After a while he offered the water again, but this time, all the silt had settled to the bottom of the basin and the water was clear and pristine. The man readily drank it. The wise man then asked, “What did you do to make the water clean?” The man answered, “I didn’t do anything.”
“Exactly!” said the old monk. “Your life is dark and troubled; it is disturbed and muddy because you are always allowing the water to become agitated. Only when it is calm will you have peace. So do nothing. Be still and let the water settle.”
Be still. That’s harder than it sounds, no doubt, but it is one of the best things for the health of our souls. Learn to turn down the noise (and stop contributing to the noise). Learn to cultivate some distance from this clamorous world, because distance is a good thing when it comes to things and people who are harmful. Learn, by healthy boundaries to keep the raucous environment that is contemporary society at arm and ear’s length, and you might begin to let the water of your own soul peacefully settle.

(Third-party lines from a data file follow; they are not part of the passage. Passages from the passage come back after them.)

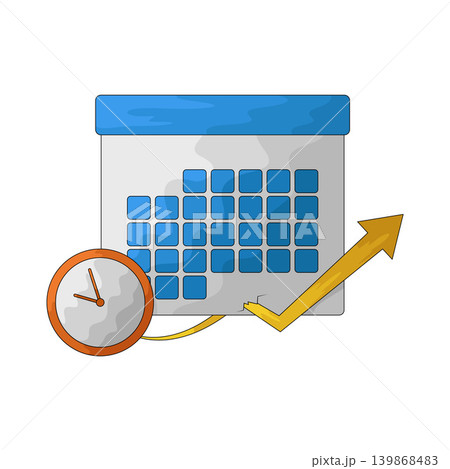Illustration of Deadline Illustration of Deadline 139868483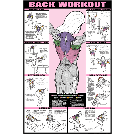 Female Back Workout Poster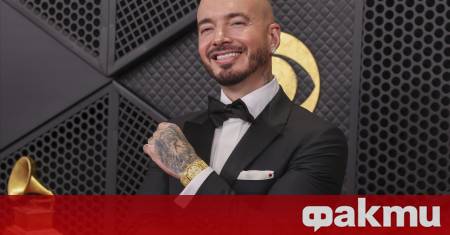 Колумбийската регетон звезда Джей Балвин разкри необичаен навик който му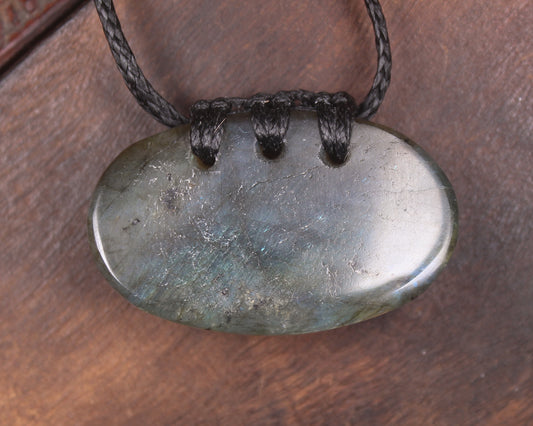 Breastplate or Shield carved from Labradorite 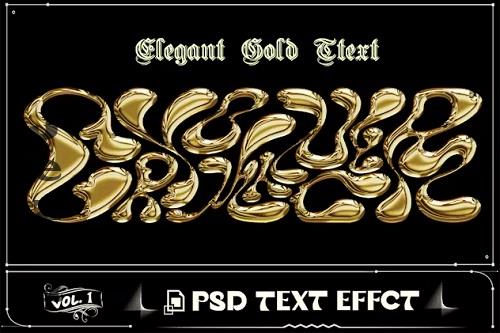Radiant Golden Text Effect PSD Photoshop Vol 1 - 8ENM26N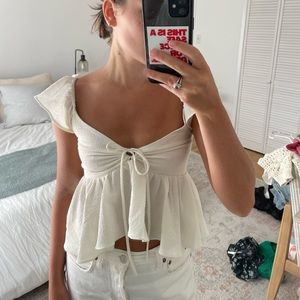 urban outfitters baby doll top!
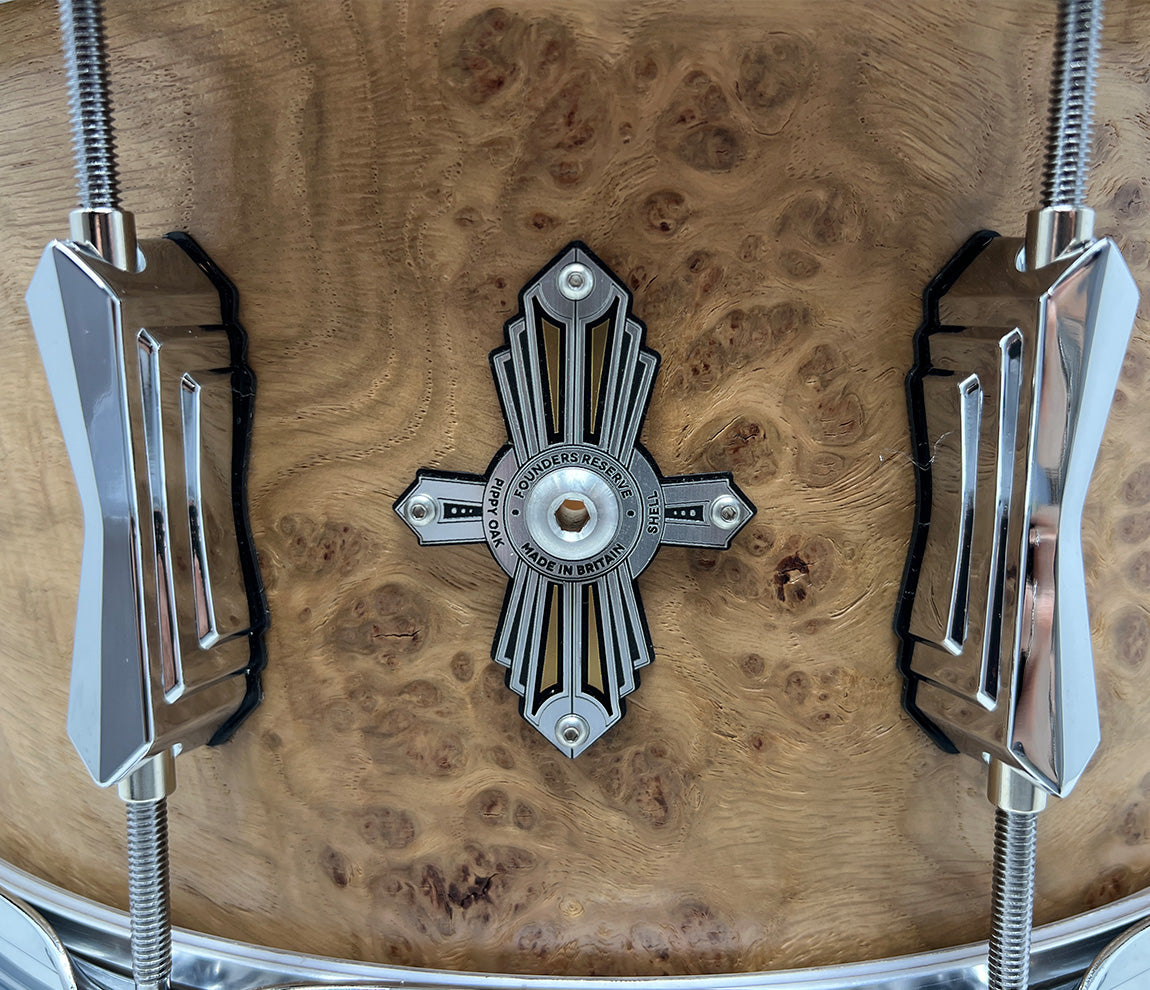 British Drum Co. PURE ULTRA 14" x 6.5" Pippy Oak Snare Drum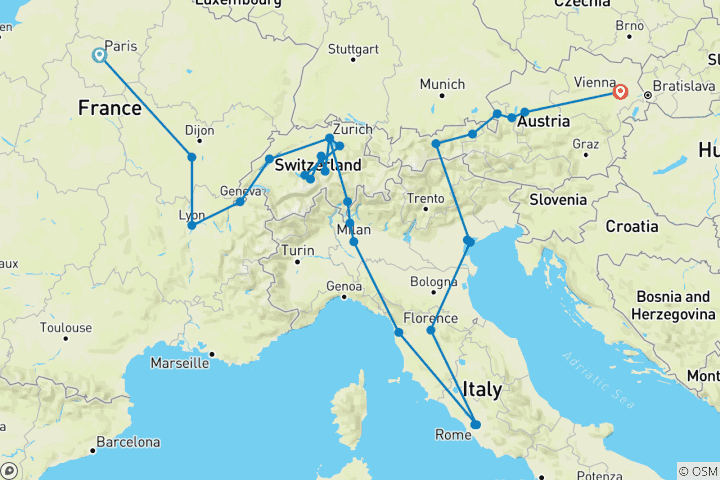Map of Adventurous Europe GO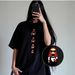 100% Pure Cotton Short-sleeve T-shirt, Summer American Style, Unique Niche, Comfortable For Outer Wear, Loose And_ecoleips.com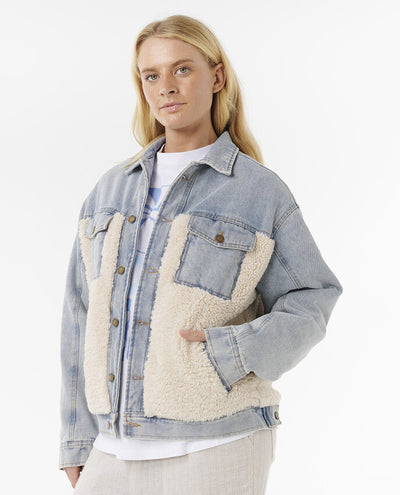 Rip Curl Cruisin. Sherpa - Womens Surf Lifestyle Denim Jacket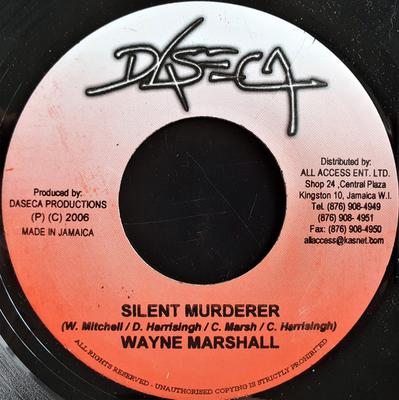 7inch Record WAYNE MARSHALL / BUSY SIGNAL - Silent Murderer / Man A Thug NONE Daseca 2006 Jamaica Reggae, Ska & Dub Used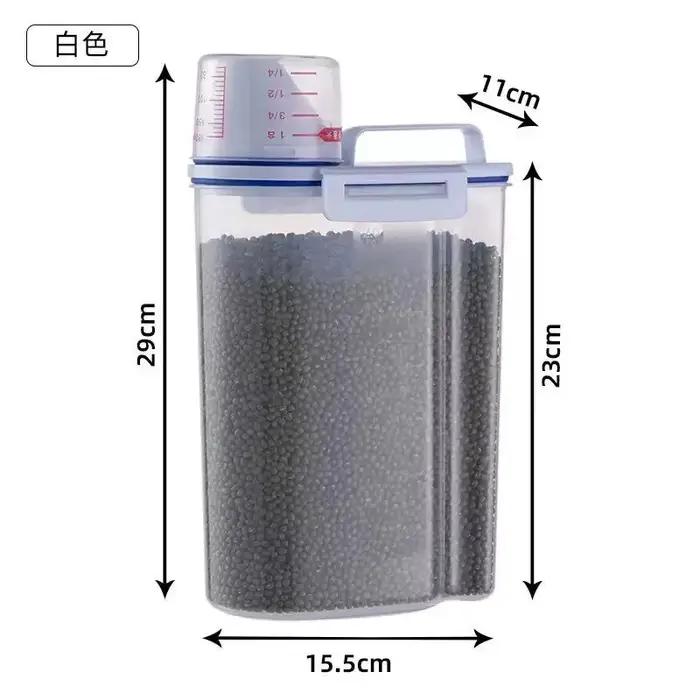 Seau de rangement en plastique pour nourriture pour chiens et chats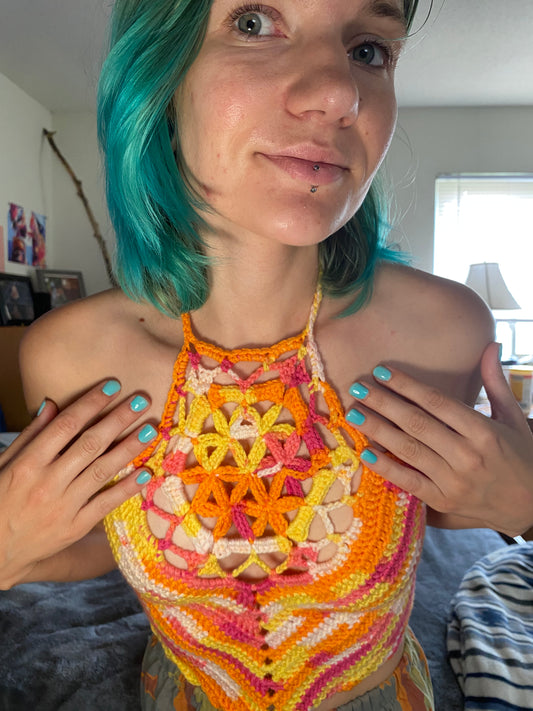 Flower of Life halter top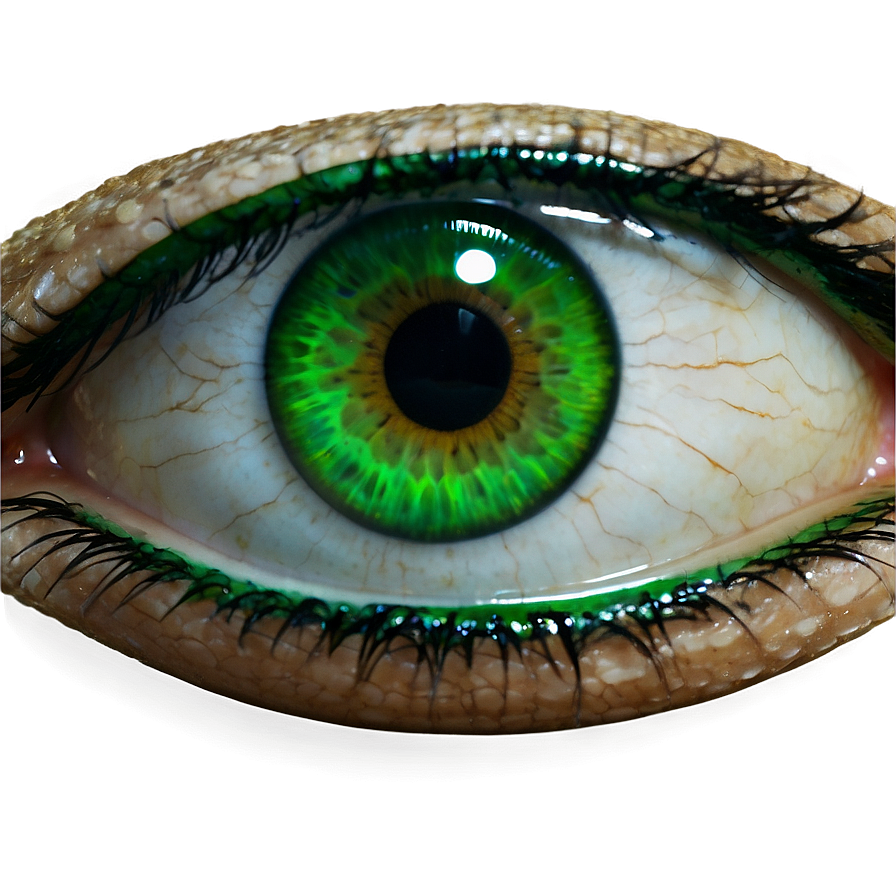 Emerald Green Eye Texture Png 06262024 PNG image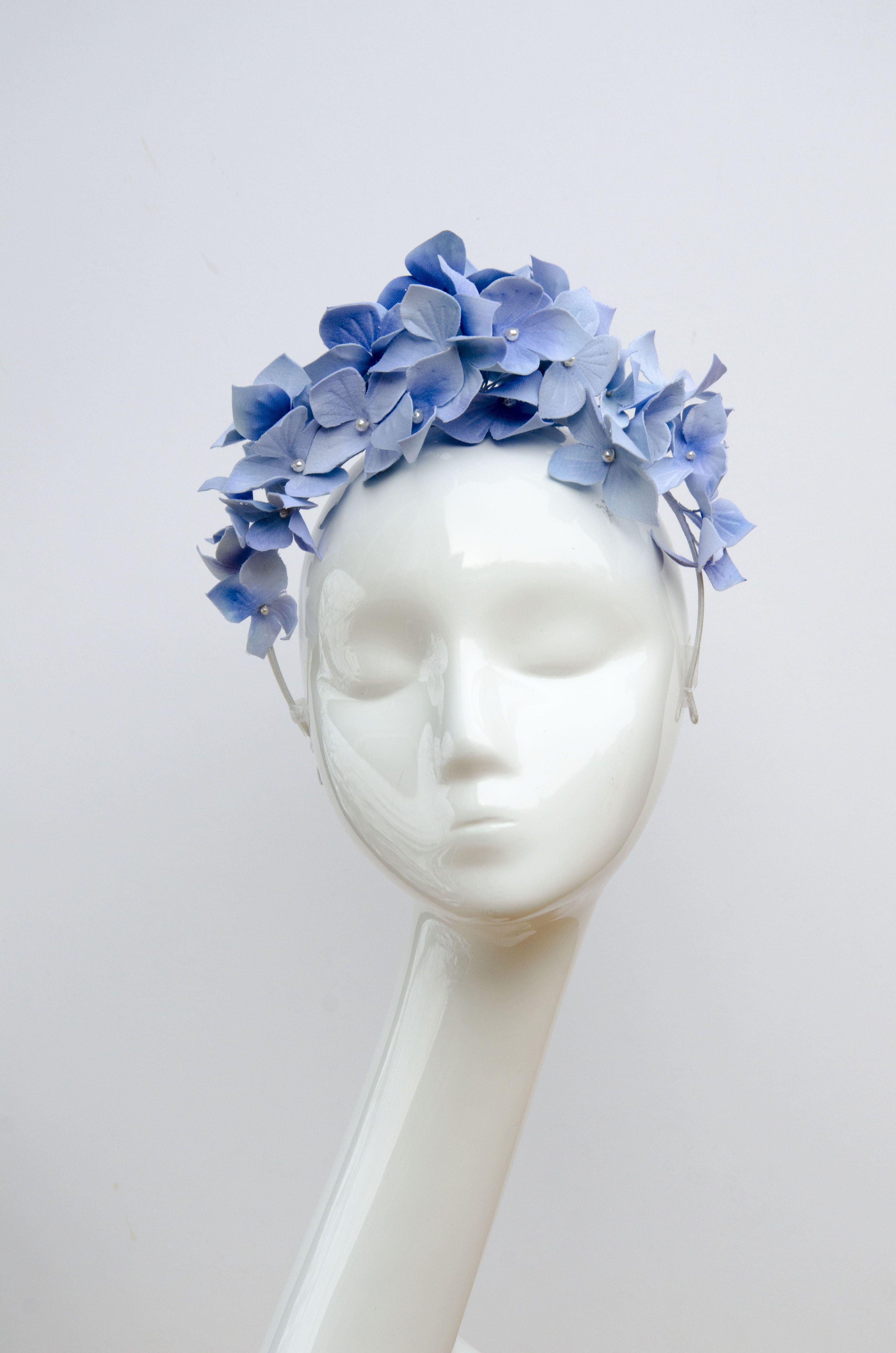 Blue velvet hydrangea headband | my works | Pinterest | Blue velvet
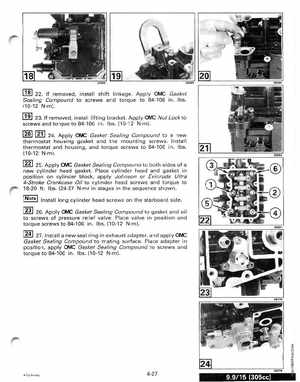 1998 Johnson Evinrude EC 5 thru 15 HP Four Stroke Service Manual, Page 148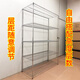 Floor-standing storage rack adjustable stainless steel color metal shelf kitchen utility rack multi-layer shelf storage rack shelf reinforced 120CM long 50CM wide [reinforced] 5 layers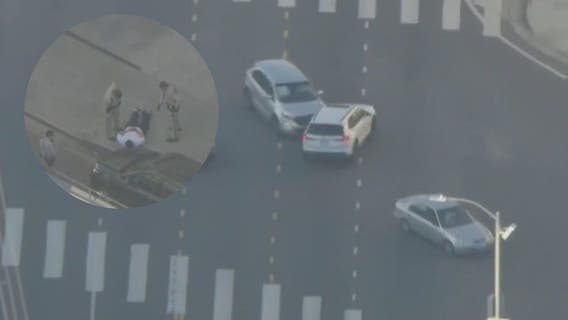 Pursuit suspect in stolen car arrested in Echo Park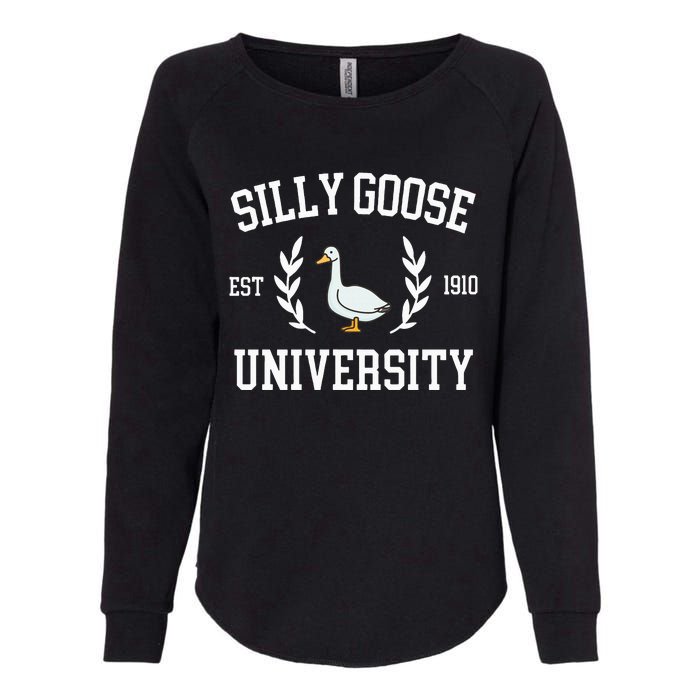 Silly Goose University Funny Goose Meme Costume Womens California Wash Sweatshirt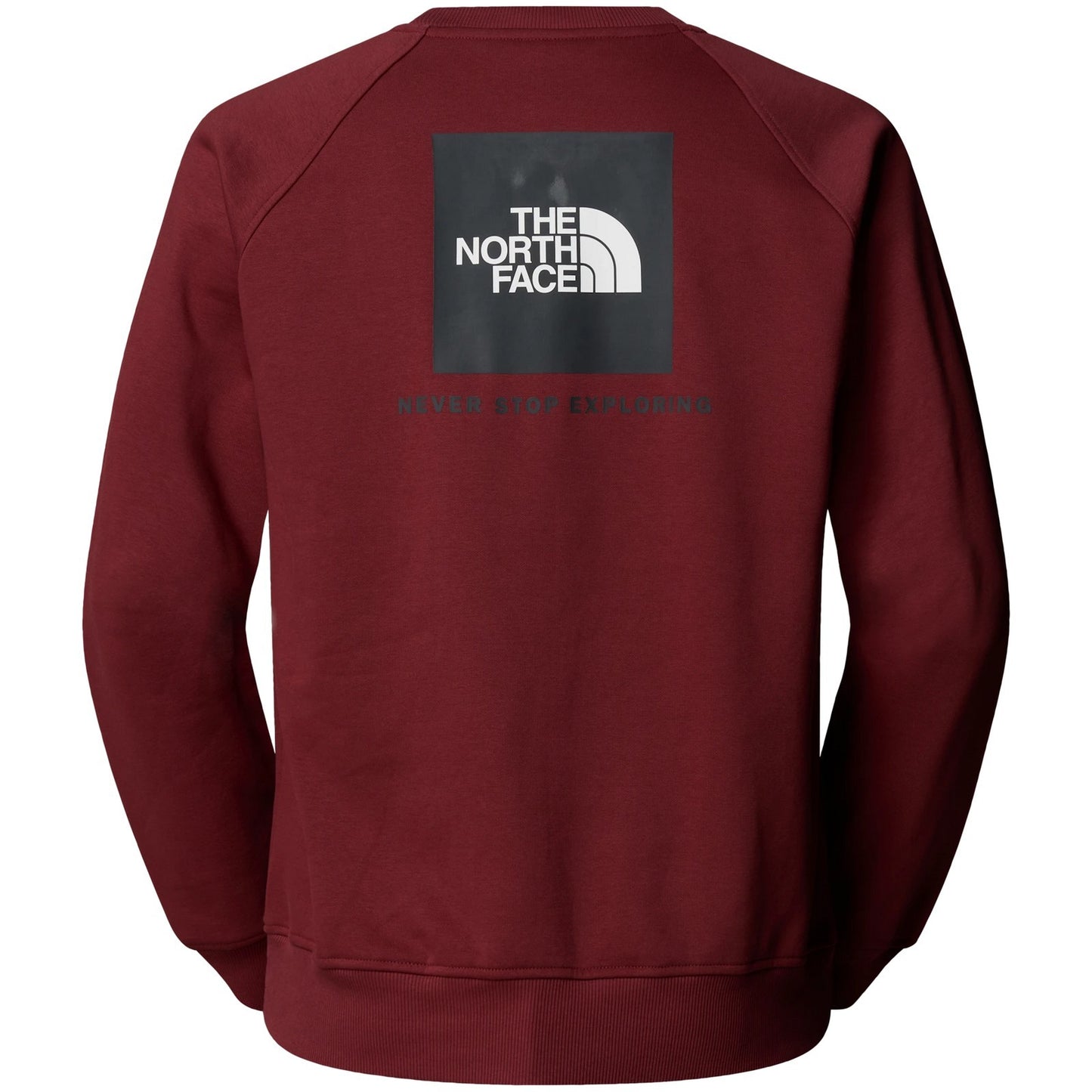 Sudaderas con capucha para hombre The North Face - M Raglan Box Nse Crew - Burdeos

I don’t have to work very hard to convince you that this world is a noisy place, do I? Talking heads, radio and viewpoint shows, 24-hour news, analysis on every hand, opinions like armpits: Court is always being held, comments are always being made, and there is a constant eagerness to share the oh-so-correct perspective. There’s always someone babbling about something, and the air becomes so saturated with pandemonium, it seeps into our souls.
Jesus understood this. He once instructed his disciples, “When you pray, close the door and pray to your Father who is unseen…do not keep on babbling like pagans, for they think they will be heard because of their many words. Do not be like them.” What a stark and necessary correction. Even in prayer, the “fewer the words the better,” it seems.
“Do not be like them,” Jesus says. That is, “Don’t be like this ear-splitting world that thinks loud opinions will actually be heard. Don’t put on a show with your yammering, bloviated prattle. Shut up. Be still. Get quiet.” It’s good for you, not to mention how everyone else will appreciate is as well.
It’s not unlike the familiar story from Lyndon B. Johnson’s administration as told by Skip Heitzig. Once, at a special dinner, Johnson was hosting a few members of his staff, and he called upon one of the men to say grace. The man, named Jim, began to pray and President Johnson, in his brash, demanding way interrupted. He said, “Speak up, Jim, I can’t hear you.” Jim answered, “With all due respect, Mr. President, I wasn’t talking to you.”
Oh, that’s exactly what Jesus is teaching his disciples. Too often, far too often, public prayer (much of religious instruction, actually) is not an invitation to stillness and humility before God. It is an invitation to commotion. It is “babble,” or “vain repetition” as the King James Version translates Jesus’ instructions. It is foolish rambling, tedious chattering, words that continue to stack up, but never really mean anything.
I have a friend who noted recently the the words “”listen” and “silent” are spelled with exactly the same letters and mean the same thing. And I think stillness is the quickest way to hear God, to “let the water settle,” and find true peace.